The EPP also remains silent on the fact that their Croatian member, the Croatian Democratic Union (HDZ) has governed over the country’s regression of individual rights and freedoms in the past years. HDZ also won the elections in Croatia, in a close race with the social democrats.

Overall, the countries of Central and Eastern Europe will participate in quantitative terms to the EPP-S&D-ALDE coalition of the center. A more qualitative approach shows that the dedication and resilience of these elites in moving the European project further is still a work in progress. With this election, the countries of CEE have once more proven to be failing and progressing at the same time: they muddled through EP groups membership with incompletely democratized political parties and forced these groups to settle on lowest common denominator solutions for their inclusion. Accepting such incompleteness unleashes forces that lead to crisis (witness the case of Hungarian FIDESZ within the EPP or the case of the Romanian PSD within the S&D).
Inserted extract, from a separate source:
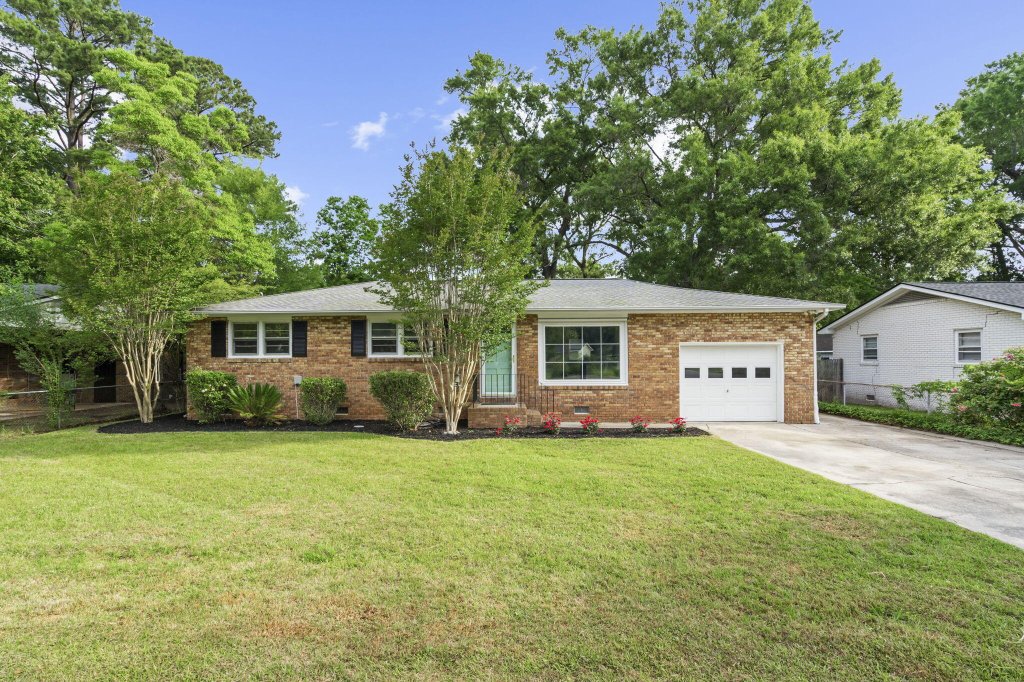 West Greenview Acres, Goose Creek community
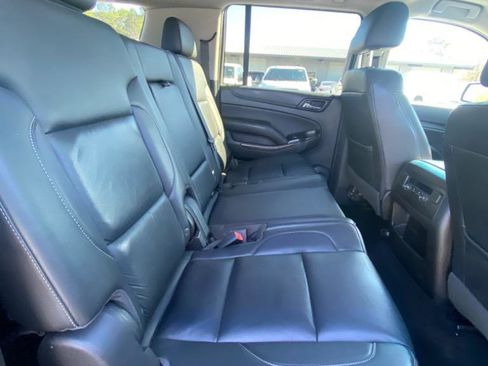 Used 2018 Chevrolet Suburban LT image 19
In this case, the EU political groups respond by again agreeing to lowest common denominator solutions, which address the crisis of the current populist and Eurosceptic forces and lead to deeper integration of other new comers within the mainstream EP families. In doing so, the center preserves its power for yet another electoral cycle. And yet, it is not too early to consider the price tag for this process in the not so distant future. The power of pan-European groups to constraint and condition their Eastern European newcomers will continue to be put to the test.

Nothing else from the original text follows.